Krieg? Heroisch? Nein! Eine humane Katastrophe, die die Menschheit
immer wieder in den Abgrund schauen lässt.
Genau
in dem Spannungsfeld von Frieden und Krieg liegt das 3. Konzert für
junge Leute in der Philharmonie Dortmund. Einerseits dem Hin und Her
der Politiker, Vertragsbrüchigen Falken, in ihren eigenen Standpunkt
nationalistisch verliebte Herren(menschen) ohne
Verantwortungsbewusstsein, dem Kräftefeld der eigenen und alleinig
„selig machenden“ eigenen Meinung und der anderen
„verdammenswerten“ Meinung, Ansicht oder Glauben. Andererseits
sind die „Weicheier“, die Angsthasen, die „Gutmenschen“, die
um die Katastrophe wissen und sie mit allen Mitteln zu verhindern
suchen.
Zwischen
dem „Damals“ und „Heute“, was war, und was kommen könnte,
wie es vielleicht besser bleiben sollte, ist das Spannungsfeld des 3.
Konzertes für junge Leute angesiedelt.
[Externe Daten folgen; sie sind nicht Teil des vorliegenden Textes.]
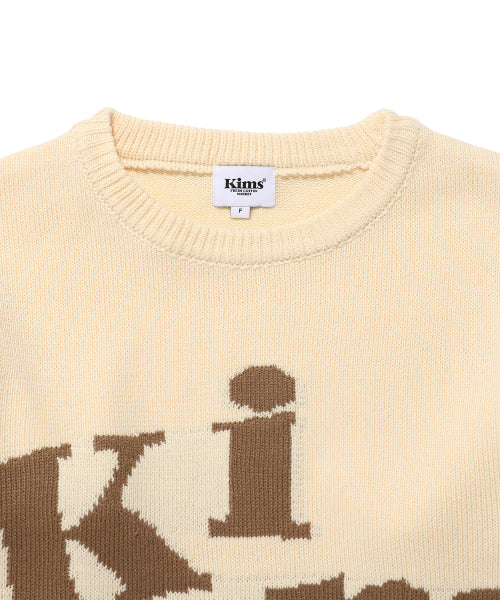MESSY ALPHA LOGO SWEATER - 4 COLORS IVORY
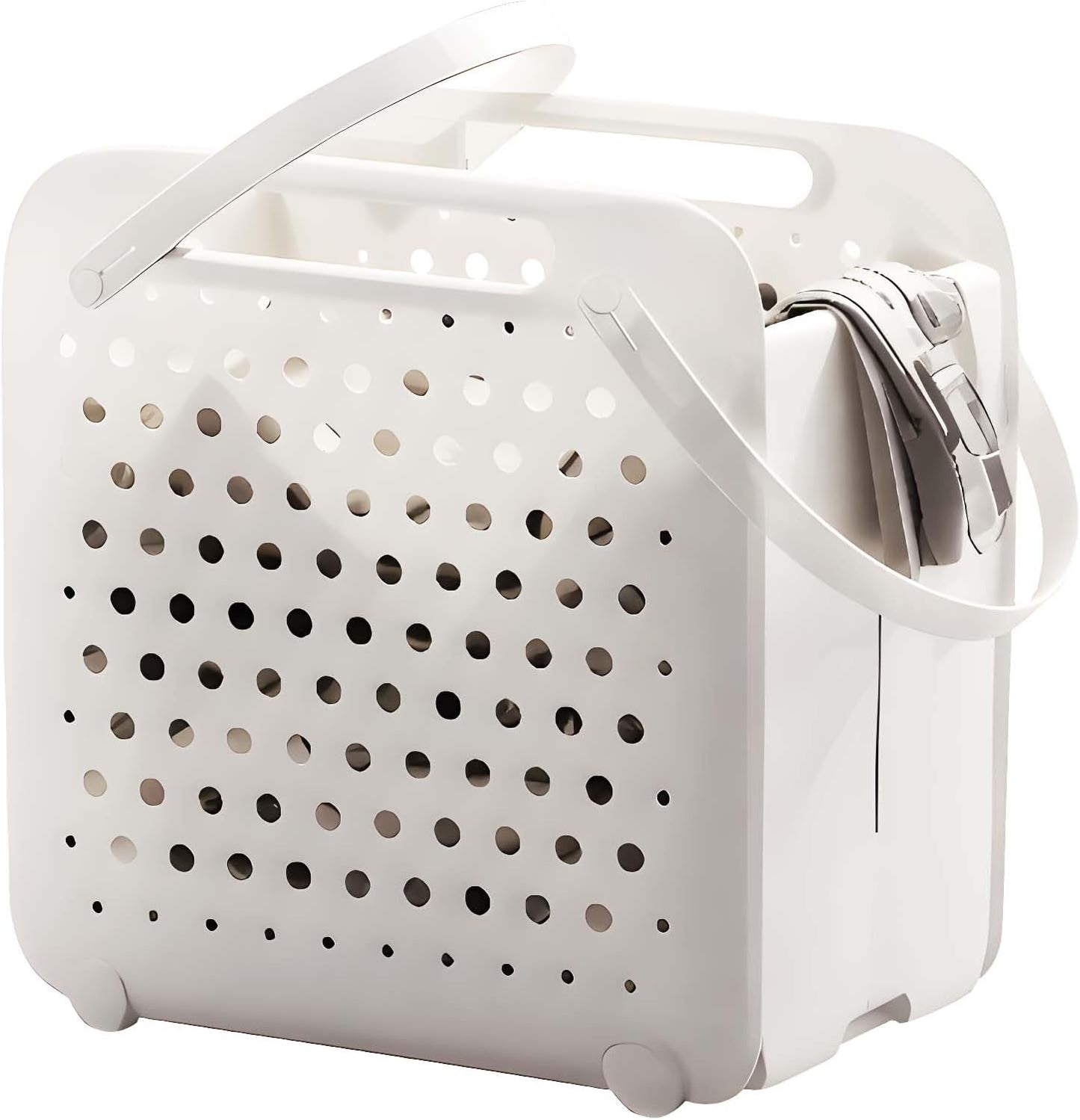 45L Foldable Laundry Basket, Plastic Collapsible Laundry Baskets with Handles, 12 Gallons Dirty Clothes Hamper for Dorm Laundry Room Organization, Freestanding Wall Hanging Laundry Hamper - NestledHome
Die Dortmunder Philharmoniker
haben es sich mit der Auswahl der Musik nicht leicht gemacht.
Mit
„Slava! A Political Overture“ von Leonard Bernstein beginnt der
Abend. Die Komposition von Bernstein ist sehr amerikanisch und
Hollywood-esque. Sie ist eindringlich, fast heiter und glänzend von
den Philharmoikern interpretiert. Fast möchte man mitgehen.
Wer
die „West Side Story“ kennt, ahnt was als nächstes kommen
könnte, schaut man in das Programm des Abends – es ist der
„Prologue“ … Das Stück kennend oder nicht, kündigt sich der
Streit, dann Kampf der Jets gegen die Sharks an und die „Romeo und
Julia“ Liebe erscheint irgendwo im Hinterkopf.

Die
Textpassagen aus „Die Nashörner“, von Eugène Ionesco bringen
mit Worten und Darstellung das Auditorium sichtbar zum Nachdenken.
Menschen hinter Gittern, denen die Freiheit versprochen wird, wenn …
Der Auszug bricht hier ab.